- [Study material]
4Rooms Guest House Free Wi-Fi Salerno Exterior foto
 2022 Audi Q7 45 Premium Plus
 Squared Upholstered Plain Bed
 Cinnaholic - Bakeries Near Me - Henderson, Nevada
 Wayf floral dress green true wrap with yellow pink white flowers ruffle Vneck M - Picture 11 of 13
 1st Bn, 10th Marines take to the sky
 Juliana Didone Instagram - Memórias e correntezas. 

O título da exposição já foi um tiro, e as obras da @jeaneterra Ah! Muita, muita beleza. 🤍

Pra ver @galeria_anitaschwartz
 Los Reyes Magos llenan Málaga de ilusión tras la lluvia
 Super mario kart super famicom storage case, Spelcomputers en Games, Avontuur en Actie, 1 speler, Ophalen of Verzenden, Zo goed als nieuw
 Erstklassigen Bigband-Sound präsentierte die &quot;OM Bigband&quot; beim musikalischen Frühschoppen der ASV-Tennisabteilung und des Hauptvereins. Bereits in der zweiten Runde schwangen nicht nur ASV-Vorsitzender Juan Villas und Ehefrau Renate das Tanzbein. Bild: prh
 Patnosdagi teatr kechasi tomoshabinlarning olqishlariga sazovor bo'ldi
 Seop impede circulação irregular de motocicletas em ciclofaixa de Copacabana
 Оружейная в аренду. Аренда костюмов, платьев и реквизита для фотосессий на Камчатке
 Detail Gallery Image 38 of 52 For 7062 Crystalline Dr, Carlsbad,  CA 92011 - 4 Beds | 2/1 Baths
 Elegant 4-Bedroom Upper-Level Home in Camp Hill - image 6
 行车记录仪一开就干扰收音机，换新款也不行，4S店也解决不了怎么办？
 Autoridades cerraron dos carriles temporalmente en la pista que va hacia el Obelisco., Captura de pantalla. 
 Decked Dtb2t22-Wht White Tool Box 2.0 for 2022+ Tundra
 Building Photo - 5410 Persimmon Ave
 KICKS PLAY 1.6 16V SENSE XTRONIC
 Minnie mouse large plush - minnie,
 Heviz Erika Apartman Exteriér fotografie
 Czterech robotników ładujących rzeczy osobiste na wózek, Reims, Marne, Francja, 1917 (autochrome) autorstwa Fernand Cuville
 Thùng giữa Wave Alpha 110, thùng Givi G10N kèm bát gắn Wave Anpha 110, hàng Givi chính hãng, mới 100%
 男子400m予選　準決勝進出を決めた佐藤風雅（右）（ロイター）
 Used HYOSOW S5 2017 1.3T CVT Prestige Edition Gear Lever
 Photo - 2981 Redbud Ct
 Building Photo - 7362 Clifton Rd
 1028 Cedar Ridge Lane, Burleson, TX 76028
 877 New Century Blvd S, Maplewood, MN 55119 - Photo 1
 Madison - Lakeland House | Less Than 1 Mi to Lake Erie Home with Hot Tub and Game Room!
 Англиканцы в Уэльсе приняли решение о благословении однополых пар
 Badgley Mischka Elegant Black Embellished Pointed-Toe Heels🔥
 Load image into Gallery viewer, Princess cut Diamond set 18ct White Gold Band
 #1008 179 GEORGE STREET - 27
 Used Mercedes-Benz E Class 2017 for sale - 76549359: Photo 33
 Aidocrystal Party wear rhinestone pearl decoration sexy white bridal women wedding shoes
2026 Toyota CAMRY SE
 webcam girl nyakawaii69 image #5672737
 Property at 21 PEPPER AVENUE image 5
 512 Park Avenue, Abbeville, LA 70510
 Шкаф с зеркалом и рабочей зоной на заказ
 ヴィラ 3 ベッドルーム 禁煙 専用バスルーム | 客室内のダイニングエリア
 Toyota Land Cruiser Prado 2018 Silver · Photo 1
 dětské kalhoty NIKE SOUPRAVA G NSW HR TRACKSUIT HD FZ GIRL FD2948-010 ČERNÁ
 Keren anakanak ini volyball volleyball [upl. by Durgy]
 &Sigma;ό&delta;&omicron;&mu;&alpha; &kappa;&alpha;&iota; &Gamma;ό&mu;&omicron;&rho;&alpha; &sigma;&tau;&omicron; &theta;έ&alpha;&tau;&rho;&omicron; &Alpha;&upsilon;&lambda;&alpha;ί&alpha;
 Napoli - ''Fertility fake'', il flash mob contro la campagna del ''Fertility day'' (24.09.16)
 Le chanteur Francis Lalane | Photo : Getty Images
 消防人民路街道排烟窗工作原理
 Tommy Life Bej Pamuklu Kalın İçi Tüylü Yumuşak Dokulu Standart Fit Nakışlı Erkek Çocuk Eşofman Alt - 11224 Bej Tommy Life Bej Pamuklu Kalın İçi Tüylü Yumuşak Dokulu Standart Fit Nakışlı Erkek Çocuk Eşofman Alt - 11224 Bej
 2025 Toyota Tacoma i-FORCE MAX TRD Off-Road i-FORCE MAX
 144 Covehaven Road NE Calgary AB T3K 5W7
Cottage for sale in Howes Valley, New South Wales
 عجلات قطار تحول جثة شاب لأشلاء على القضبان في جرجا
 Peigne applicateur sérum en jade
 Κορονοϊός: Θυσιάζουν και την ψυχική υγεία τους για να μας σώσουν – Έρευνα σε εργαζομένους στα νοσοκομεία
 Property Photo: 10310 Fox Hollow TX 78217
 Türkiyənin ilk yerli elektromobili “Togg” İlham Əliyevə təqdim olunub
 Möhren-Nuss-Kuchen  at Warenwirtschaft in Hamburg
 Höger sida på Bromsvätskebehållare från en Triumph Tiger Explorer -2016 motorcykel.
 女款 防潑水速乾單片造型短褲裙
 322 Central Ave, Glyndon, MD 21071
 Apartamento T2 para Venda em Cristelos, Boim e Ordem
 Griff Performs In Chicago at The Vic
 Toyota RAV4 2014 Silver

- [Work order] Give back, exactly and with nothing added, the lines from the line containing "dětské kalhoty NIKE" through the final line of the records above, both of them included.

- [Result of the exercise]
 dětské kalhoty NIKE SOUPRAVA G NSW HR TRACKSUIT HD FZ GIRL FD2948-010 ČERNÁ
 Keren anakanak ini volyball volleyball [upl. by Durgy]
 &Sigma;ό&delta;&omicron;&mu;&alpha; &kappa;&alpha;&iota; &Gamma;ό&mu;&omicron;&rho;&alpha; &sigma;&tau;&omicron; &theta;έ&alpha;&tau;&rho;&omicron; &Alpha;&upsilon;&lambda;&alpha;ί&alpha;
 Napoli - ''Fertility fake'', il flash mob contro la campagna del ''Fertility day'' (24.09.16)
 Le chanteur Francis Lalane | Photo : Getty Images
 消防人民路街道排烟窗工作原理
 Tommy Life Bej Pamuklu Kalın İçi Tüylü Yumuşak Dokulu Standart Fit Nakışlı Erkek Çocuk Eşofman Alt - 11224 Bej Tommy Life Bej Pamuklu Kalın İçi Tüylü Yumuşak Dokulu Standart Fit Nakışlı Erkek Çocuk Eşofman Alt - 11224 Bej
 2025 Toyota Tacoma i-FORCE MAX TRD Off-Road i-FORCE MAX
 144 Covehaven Road NE Calgary AB T3K 5W7
Cottage for sale in Howes Valley, New South Wales
 عجلات قطار تحول جثة شاب لأشلاء على القضبان في جرجا
 Peigne applicateur sérum en jade
 Κορονοϊός: Θυσιάζουν και την ψυχική υγεία τους για να μας σώσουν – Έρευνα σε εργαζομένους στα νοσοκομεία
 Property Photo: 10310 Fox Hollow TX 78217
 Türkiyənin ilk yerli elektromobili “Togg” İlham Əliyevə təqdim olunub
 Möhren-Nuss-Kuchen  at Warenwirtschaft in Hamburg
 Höger sida på Bromsvätskebehållare från en Triumph Tiger Explorer -2016 motorcykel.
 女款 防潑水速乾單片造型短褲裙
 322 Central Ave, Glyndon, MD 21071
 Apartamento T2 para Venda em Cristelos, Boim e Ordem
 Griff Performs In Chicago at The Vic
 Toyota RAV4 2014 Silver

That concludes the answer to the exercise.